In order to mitigate the risk associated with raw material , the Company manages its procurement through grading, sourcing of raw material and constant pricing negotiation with vendors. It renegotiates the prices with its customers in case there is more than normal deviation in the prices of its major raw materials.
b. Foreign currency risk
Foreign exchange risk arises from future commercial transactions and recognized assets and liabilities denominated in a currency that is not a company's functional currency. Generally, Company makes advance payment to foreign vendors and in some cases payment is made as per credit terms with vendor. Hence, impact of the rate fluctuation is accounted in profit and loss.
Credit risk analysis
Credit risk is the risk that a counterparty will not meet its obligations under a financial instrument or customer contract, leading to a financial loss. The Company is exposed to credit risk arising from cash and cash equivalents, deposits with banks, trade receivables, investments and other financial assets. Credit risk has been managed by the company by establishing credit limits and creditworthiness of customers to which the company grants credit terms in the normal course of business. For banks and financial institutions, only high rated banks/ institutions are accepted.
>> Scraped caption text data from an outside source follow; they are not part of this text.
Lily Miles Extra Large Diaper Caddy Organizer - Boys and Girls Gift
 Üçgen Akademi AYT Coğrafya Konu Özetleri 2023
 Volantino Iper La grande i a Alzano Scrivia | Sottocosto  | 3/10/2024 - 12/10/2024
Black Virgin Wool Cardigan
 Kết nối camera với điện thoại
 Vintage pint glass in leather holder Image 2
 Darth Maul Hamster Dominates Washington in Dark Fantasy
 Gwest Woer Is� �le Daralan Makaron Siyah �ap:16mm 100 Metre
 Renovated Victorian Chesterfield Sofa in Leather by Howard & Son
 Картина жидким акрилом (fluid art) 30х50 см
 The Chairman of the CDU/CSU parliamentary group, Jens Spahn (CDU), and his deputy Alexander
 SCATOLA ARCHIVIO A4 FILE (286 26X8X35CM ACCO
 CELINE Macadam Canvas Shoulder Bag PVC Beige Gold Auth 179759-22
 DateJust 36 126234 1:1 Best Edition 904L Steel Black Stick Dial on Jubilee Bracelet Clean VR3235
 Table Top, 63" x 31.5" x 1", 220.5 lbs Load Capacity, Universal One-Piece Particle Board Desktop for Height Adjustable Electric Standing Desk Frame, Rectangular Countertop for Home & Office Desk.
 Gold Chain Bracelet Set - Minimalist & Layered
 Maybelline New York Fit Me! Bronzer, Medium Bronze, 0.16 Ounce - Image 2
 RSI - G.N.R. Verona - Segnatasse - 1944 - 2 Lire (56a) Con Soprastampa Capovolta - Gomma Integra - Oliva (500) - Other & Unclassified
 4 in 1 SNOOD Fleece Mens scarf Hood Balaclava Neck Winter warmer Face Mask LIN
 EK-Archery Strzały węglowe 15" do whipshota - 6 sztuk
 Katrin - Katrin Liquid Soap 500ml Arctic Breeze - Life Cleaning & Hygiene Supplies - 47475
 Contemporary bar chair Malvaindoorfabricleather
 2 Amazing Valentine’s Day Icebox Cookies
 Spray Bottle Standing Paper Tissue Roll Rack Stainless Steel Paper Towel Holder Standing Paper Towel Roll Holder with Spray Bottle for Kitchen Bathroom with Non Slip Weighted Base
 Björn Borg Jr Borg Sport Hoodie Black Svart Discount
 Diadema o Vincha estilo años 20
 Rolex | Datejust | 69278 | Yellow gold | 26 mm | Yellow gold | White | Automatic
Customer credit risk is managed by each customer group subject to the Company's established policy, procedures and control relating to customer credit risk management. Trade Receviable has been managed by the Company by establishing credit limits and creditworthiness of customers to which the Company grants credit terms in the normal course of business.
Provision on Trade receivable is calculated as per expected credit loss method (ECL) as per IND AS. ECL is calculated on the basis of average bad debts on turnover of 3 years i.e from 2019-20 to 2021-22. Such average % is moderated to align with current and future business, customers and risk profile. The provision determined as per policy is less than provision existing under IGAAP. As there is adequate provision pre-existing in the books, it is not required to make any addtional additional provision for the year. Further, it is also proposed to continue the same till the provision under IND AS exceeds the pre-existing provision in the books.
Liquidity risk analysis
Risk assessment
Prudent liquidity risk management implies maintaining sufficient cash and marketable securities and the availability of funding through an adequate amount of committed credit facilities to meet obligations when due and to close out market positions. The Company has assets which are expected to be realised within 12 months Rs. 358.48 lakhs as on March 2025 (as on March 2024 is Rs.406.56 lakhs). The Company has liabilities which are expected to mature within 12 months Rs. 780.47 lakhs as on March 2025 (as on March 2024 is Rs. 865.78 lakhs). Hence Company has a working capital of Rs. (421.99 Lakhs) as on March 2025 (as on March 2024 is Rs. (459.22 Lakhs).
Risk Management
Whenever working capital is required Company's Executive Directors provides funding to the Company.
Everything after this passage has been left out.